In den Umfragen gibt es für den Bundeswirtschaftsminister den Weg nach unten. Die Erhebungen zeigen: Wer hochsteigt, fällt im Zweifel tiefer. Was nicht heißt, das man gleich ganz unten ankommen muss.

Ein Kommentar von Jan Rübel

Wirtschaftsminister Robert Habeck (Grüne) beim Besuch beim Besuch des Spremberger Kraftwerks
Wirtschaftsminister Robert Habeck (Grüne) beim Besuch beim Besuch des Spremberger Kraftwerks "Schwarze Pumpe" im Februar (Bild: REUTERS/Matthias Rietschel)

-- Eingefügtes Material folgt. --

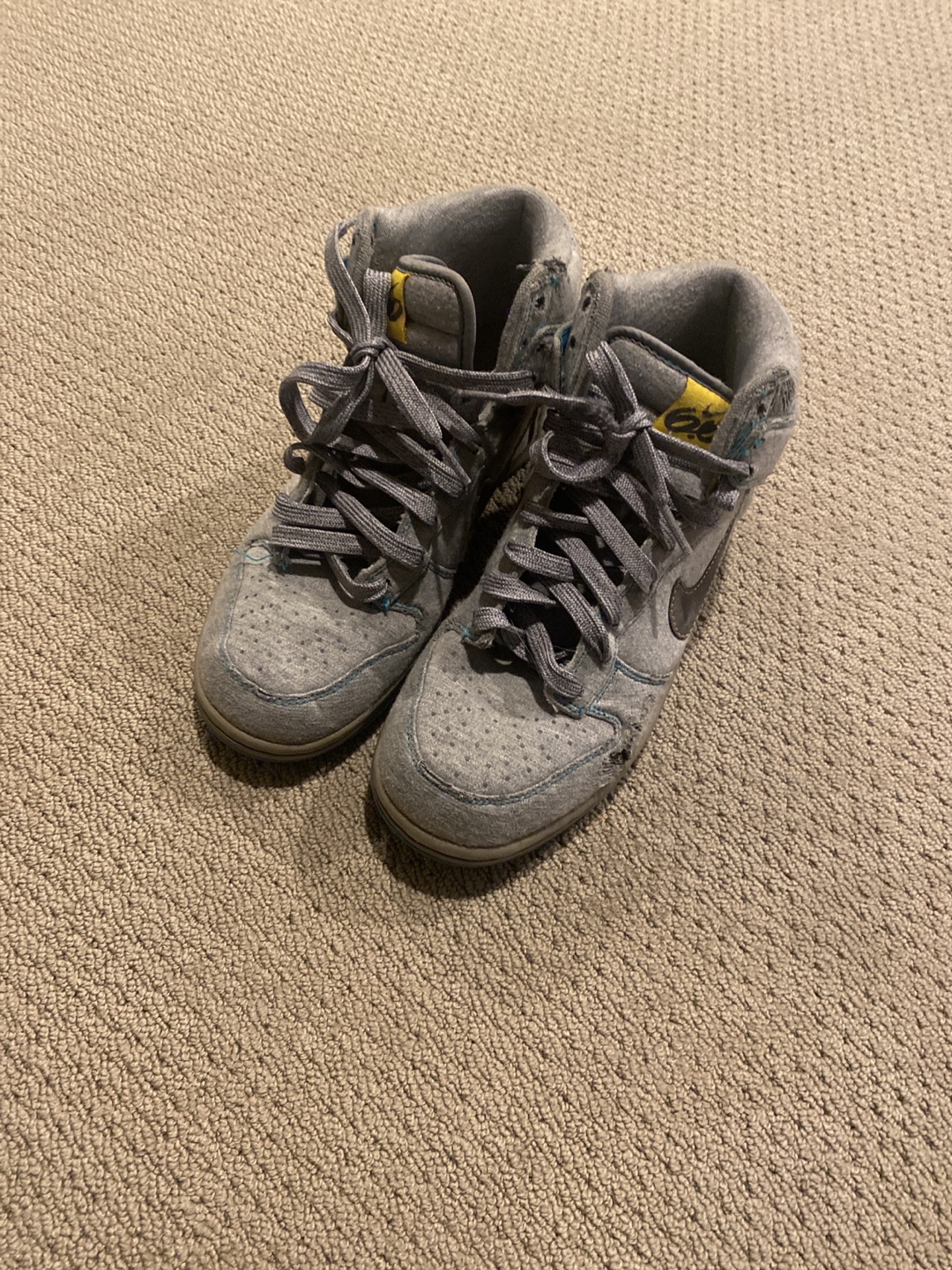 Nike SB Dunk High Premium "Heathered Grey" - photo 3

Für Robert Habeck gibt es viele Zuschreibungen. Kanzler der Herzen, heißt er bei nicht Wenigen. „Fall eines Sympathieträger“ – so titelte bereits im vergangenen Herbst „Ntv“. Der Grünen-Politiker fällt eben aus dem Rahmen; entsprechend die polarisierenden Beschreibungen.

Jedenfalls fällt Habeck auch in den Umfragen zur Beliebtheit von Politikern zurück. Lange Zeit führte er etwa das Politbarometer an. Doch seit Monaten auf dem dritten Platz, hat er in der vergangenen Woche noch einmal stark an Werten verloren. Das parteiübergreifende Ansehen, das ihn weit nach oben getragen hat, bröckelt. Vor allem Anhänger anderer Parteien sehen ihn kritischer als in der Vergangenheit. Woran liegt das?

Tatsächlich scheint Habeck bei den Deutschen einen Nerv zu berühren. Gleich mit Beginn seiner Amtszeit als Minister landete er im Politbarometer auf dem dritten Rang – nur die Altkanzlerin Angela Merkel und ihren Nachfolger Olaf Scholz vor sich. Dann begann der Krieg in der Ukraine. Krisenmanagement war gefragt. Und Habeck wuchs in eine anerkannte Rolle hinein.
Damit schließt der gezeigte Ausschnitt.